#### [YOUR ASSIGNMENT]
Beginning with the first line of the data below, reproduce every line unchanged, ending with the line that holds "Объектив Sigma AF".

#### [DATA RECORDS]
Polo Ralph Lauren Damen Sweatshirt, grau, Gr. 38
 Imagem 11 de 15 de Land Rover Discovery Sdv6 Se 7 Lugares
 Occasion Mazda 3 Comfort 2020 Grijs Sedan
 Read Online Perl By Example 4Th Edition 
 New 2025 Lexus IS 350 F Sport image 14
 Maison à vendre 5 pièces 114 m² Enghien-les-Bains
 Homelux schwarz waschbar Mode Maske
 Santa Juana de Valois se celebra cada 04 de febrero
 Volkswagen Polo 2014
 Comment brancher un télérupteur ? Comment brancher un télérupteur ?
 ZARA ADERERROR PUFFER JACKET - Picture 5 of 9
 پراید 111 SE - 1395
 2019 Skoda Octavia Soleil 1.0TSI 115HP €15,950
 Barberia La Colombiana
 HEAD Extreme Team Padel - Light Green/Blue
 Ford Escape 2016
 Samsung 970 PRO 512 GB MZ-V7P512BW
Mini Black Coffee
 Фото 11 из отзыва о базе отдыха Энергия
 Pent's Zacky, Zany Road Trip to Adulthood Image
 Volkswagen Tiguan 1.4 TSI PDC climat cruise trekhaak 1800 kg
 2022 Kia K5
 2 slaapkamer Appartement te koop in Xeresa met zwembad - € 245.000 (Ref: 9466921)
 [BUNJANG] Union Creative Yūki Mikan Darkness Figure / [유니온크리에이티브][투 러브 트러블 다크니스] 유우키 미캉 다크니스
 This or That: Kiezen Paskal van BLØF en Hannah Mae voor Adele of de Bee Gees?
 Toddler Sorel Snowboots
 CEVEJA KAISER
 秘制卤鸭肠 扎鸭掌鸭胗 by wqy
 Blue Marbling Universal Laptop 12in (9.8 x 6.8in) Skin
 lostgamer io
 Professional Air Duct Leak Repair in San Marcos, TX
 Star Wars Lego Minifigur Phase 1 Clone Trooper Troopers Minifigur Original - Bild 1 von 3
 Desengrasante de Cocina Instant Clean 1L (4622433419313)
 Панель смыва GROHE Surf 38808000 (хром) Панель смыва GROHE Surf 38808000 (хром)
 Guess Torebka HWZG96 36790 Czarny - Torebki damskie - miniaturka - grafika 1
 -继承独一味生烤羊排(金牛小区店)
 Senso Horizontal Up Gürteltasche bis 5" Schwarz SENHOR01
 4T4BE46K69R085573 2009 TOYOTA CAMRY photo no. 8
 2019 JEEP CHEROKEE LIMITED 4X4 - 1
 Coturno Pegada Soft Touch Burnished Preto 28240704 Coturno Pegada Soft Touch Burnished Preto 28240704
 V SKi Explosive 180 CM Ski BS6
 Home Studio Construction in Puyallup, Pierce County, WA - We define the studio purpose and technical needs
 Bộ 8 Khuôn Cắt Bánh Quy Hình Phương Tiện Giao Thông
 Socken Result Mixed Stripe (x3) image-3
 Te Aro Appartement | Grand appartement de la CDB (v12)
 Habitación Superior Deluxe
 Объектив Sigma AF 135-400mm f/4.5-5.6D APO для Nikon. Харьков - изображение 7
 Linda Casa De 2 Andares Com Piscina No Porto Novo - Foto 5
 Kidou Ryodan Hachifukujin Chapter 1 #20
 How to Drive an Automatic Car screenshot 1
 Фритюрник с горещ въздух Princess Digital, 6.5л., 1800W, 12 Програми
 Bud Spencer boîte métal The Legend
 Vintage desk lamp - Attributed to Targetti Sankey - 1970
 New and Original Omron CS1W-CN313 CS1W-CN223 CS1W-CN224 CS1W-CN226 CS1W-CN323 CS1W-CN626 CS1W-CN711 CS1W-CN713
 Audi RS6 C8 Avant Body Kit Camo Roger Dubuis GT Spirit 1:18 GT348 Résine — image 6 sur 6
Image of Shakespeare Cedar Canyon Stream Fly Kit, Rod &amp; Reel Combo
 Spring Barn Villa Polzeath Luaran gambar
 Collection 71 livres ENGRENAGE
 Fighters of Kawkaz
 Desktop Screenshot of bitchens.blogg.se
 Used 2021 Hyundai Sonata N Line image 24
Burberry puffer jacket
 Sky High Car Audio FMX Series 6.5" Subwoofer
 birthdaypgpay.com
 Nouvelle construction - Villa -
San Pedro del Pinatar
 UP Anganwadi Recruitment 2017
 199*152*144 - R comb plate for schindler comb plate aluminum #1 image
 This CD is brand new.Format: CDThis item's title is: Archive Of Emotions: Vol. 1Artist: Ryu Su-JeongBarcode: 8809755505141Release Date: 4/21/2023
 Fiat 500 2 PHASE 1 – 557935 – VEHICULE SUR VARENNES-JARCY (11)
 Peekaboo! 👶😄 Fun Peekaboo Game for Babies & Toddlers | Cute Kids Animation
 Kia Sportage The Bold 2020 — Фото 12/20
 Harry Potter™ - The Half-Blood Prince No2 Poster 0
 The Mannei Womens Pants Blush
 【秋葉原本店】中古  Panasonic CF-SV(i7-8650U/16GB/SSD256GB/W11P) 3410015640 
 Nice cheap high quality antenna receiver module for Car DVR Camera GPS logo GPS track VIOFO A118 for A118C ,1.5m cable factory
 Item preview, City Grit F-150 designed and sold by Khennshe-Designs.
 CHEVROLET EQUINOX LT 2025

#### [OUTPUT OF THE EXERCISE]
Polo Ralph Lauren Damen Sweatshirt, grau, Gr. 38
 Imagem 11 de 15 de Land Rover Discovery Sdv6 Se 7 Lugares
 Occasion Mazda 3 Comfort 2020 Grijs Sedan
 Read Online Perl By Example 4Th Edition 
 New 2025 Lexus IS 350 F Sport image 14
 Maison à vendre 5 pièces 114 m² Enghien-les-Bains
 Homelux schwarz waschbar Mode Maske
 Santa Juana de Valois se celebra cada 04 de febrero
 Volkswagen Polo 2014
 Comment brancher un télérupteur ? Comment brancher un télérupteur ?
 ZARA ADERERROR PUFFER JACKET - Picture 5 of 9
 پراید 111 SE - 1395
 2019 Skoda Octavia Soleil 1.0TSI 115HP €15,950
 Barberia La Colombiana
 HEAD Extreme Team Padel - Light Green/Blue
 Ford Escape 2016
 Samsung 970 PRO 512 GB MZ-V7P512BW
Mini Black Coffee
 Фото 11 из отзыва о базе отдыха Энергия
 Pent's Zacky, Zany Road Trip to Adulthood Image
 Volkswagen Tiguan 1.4 TSI PDC climat cruise trekhaak 1800 kg
 2022 Kia K5
 2 slaapkamer Appartement te koop in Xeresa met zwembad - € 245.000 (Ref: 9466921)
 [BUNJANG] Union Creative Yūki Mikan Darkness Figure / [유니온크리에이티브][투 러브 트러블 다크니스] 유우키 미캉 다크니스
 This or That: Kiezen Paskal van BLØF en Hannah Mae voor Adele of de Bee Gees?
 Toddler Sorel Snowboots
 CEVEJA KAISER
 秘制卤鸭肠 扎鸭掌鸭胗 by wqy
 Blue Marbling Universal Laptop 12in (9.8 x 6.8in) Skin
 lostgamer io
 Professional Air Duct Leak Repair in San Marcos, TX
 Star Wars Lego Minifigur Phase 1 Clone Trooper Troopers Minifigur Original - Bild 1 von 3
 Desengrasante de Cocina Instant Clean 1L (4622433419313)
 Панель смыва GROHE Surf 38808000 (хром) Панель смыва GROHE Surf 38808000 (хром)
 Guess Torebka HWZG96 36790 Czarny - Torebki damskie - miniaturka - grafika 1
 -继承独一味生烤羊排(金牛小区店)
 Senso Horizontal Up Gürteltasche bis 5" Schwarz SENHOR01
 4T4BE46K69R085573 2009 TOYOTA CAMRY photo no. 8
 2019 JEEP CHEROKEE LIMITED 4X4 - 1
 Coturno Pegada Soft Touch Burnished Preto 28240704 Coturno Pegada Soft Touch Burnished Preto 28240704
 V SKi Explosive 180 CM Ski BS6
 Home Studio Construction in Puyallup, Pierce County, WA - We define the studio purpose and technical needs
 Bộ 8 Khuôn Cắt Bánh Quy Hình Phương Tiện Giao Thông
 Socken Result Mixed Stripe (x3) image-3
 Te Aro Appartement | Grand appartement de la CDB (v12)
 Habitación Superior Deluxe
 Объектив Sigma AF 135-400mm f/4.5-5.6D APO для Nikon. Харьков - изображение 7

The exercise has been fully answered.